(MATERIAL FOR THE TASK)

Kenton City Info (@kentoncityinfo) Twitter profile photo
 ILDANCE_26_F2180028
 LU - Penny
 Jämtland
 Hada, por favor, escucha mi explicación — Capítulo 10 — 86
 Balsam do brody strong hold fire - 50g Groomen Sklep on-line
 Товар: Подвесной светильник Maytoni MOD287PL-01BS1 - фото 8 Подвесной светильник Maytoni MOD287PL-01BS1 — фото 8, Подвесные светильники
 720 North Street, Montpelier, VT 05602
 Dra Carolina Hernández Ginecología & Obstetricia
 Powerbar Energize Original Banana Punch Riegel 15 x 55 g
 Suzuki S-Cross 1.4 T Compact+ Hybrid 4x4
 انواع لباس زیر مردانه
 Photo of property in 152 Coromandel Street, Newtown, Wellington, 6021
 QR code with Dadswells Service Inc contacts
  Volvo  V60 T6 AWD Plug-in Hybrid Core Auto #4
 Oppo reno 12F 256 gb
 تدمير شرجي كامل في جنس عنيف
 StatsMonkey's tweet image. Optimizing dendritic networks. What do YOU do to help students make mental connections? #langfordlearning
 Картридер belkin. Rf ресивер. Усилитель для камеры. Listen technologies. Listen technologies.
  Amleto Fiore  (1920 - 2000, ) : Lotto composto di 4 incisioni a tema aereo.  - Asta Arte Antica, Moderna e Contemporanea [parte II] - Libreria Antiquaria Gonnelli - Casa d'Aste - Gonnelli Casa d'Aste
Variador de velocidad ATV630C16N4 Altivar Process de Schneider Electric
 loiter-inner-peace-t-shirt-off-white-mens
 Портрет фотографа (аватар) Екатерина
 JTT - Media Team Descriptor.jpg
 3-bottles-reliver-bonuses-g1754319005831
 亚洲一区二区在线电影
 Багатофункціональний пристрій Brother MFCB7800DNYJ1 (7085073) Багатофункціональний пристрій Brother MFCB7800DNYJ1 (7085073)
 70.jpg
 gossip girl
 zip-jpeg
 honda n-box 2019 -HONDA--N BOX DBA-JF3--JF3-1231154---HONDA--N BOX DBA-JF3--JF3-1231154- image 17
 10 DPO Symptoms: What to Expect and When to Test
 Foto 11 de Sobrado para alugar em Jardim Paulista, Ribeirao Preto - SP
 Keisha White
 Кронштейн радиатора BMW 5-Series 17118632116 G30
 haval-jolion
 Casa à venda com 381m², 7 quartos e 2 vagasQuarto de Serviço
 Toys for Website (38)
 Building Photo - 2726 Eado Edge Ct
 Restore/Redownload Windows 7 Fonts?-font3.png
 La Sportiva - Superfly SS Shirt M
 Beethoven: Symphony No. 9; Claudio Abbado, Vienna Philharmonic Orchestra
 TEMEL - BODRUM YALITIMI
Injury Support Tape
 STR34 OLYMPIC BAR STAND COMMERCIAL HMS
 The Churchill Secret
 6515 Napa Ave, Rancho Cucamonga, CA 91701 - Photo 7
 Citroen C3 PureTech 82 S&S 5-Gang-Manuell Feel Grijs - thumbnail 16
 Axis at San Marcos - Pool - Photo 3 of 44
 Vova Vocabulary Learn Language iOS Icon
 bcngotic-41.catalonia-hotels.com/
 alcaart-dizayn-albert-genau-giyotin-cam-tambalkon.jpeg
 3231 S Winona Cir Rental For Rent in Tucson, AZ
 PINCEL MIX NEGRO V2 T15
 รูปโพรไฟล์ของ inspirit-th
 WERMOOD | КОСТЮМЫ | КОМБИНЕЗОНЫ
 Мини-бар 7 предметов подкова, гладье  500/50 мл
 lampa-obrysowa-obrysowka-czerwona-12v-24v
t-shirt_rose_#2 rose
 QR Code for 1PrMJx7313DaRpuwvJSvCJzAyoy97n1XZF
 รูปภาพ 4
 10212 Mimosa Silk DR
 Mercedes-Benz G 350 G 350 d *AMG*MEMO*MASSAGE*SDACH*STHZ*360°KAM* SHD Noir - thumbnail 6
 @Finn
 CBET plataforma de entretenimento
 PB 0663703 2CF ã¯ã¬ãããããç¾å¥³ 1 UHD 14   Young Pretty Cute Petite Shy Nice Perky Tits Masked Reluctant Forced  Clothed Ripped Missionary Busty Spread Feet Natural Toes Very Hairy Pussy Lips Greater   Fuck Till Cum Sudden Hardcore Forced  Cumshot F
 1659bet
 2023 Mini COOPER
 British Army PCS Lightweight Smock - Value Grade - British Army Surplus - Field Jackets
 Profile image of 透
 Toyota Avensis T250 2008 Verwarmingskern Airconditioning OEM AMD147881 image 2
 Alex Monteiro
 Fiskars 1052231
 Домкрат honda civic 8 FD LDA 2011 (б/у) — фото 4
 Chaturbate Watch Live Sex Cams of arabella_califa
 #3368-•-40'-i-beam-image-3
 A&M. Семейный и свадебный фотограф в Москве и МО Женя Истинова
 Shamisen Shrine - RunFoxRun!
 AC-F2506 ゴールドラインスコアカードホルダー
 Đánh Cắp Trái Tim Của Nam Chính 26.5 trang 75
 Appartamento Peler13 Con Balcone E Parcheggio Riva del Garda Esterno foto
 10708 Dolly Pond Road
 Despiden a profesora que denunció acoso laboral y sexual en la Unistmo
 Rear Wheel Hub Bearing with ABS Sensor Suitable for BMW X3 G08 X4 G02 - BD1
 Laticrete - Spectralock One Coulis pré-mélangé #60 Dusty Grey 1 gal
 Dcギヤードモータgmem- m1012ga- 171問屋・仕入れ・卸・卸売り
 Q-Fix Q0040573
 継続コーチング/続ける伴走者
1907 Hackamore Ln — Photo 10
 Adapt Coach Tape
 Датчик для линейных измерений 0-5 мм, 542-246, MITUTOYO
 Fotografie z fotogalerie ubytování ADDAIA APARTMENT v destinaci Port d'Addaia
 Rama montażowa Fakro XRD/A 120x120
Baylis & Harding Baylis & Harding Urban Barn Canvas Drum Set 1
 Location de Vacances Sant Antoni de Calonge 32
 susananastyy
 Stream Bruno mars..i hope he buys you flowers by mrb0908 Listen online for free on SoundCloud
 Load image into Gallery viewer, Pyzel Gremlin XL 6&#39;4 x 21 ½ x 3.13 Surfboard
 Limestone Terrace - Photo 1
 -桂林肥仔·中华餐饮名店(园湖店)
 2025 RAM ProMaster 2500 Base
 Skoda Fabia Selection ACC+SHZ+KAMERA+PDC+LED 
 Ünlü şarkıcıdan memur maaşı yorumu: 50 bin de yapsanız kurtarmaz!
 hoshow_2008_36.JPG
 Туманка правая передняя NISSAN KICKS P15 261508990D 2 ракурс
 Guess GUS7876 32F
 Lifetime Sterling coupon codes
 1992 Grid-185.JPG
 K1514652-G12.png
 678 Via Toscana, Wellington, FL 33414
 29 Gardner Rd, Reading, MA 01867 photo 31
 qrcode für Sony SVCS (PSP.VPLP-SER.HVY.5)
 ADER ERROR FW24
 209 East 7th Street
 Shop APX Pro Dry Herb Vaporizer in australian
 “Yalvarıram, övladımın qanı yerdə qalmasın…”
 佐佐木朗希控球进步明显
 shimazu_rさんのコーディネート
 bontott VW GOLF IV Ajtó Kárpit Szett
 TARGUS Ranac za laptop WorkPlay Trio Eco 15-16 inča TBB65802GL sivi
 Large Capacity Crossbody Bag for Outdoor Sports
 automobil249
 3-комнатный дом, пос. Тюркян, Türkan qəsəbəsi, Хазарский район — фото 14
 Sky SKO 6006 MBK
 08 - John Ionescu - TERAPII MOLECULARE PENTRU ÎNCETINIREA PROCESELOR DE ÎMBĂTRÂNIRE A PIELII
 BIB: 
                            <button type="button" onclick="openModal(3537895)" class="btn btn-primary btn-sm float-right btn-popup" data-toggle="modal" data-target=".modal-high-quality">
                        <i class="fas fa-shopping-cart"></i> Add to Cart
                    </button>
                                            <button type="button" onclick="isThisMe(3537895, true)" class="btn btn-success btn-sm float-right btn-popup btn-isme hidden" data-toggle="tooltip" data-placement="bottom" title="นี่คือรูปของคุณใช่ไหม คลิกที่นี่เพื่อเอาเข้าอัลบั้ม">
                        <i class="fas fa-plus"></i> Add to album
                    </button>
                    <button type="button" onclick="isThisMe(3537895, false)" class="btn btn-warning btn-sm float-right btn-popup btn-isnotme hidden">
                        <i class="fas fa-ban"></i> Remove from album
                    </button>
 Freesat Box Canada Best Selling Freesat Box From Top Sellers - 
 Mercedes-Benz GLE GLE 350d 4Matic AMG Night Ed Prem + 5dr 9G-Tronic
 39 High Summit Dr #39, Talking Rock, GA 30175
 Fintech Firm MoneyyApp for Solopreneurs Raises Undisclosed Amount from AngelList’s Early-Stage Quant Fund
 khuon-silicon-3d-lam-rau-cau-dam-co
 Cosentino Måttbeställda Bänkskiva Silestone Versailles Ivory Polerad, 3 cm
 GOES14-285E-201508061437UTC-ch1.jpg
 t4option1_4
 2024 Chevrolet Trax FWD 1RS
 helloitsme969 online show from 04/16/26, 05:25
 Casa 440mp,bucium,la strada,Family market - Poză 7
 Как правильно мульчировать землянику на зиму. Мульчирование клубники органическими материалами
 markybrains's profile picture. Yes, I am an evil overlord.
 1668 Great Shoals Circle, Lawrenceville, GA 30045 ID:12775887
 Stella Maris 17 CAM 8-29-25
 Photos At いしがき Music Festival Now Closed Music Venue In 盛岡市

(End MATERIAL FOR THE TASK)

*WHAT YOU ARE ASKED TO DO:*
From the records above, how many lines include the word "popup"? Only the number is wanted.

*WRITTEN REPLY:*
3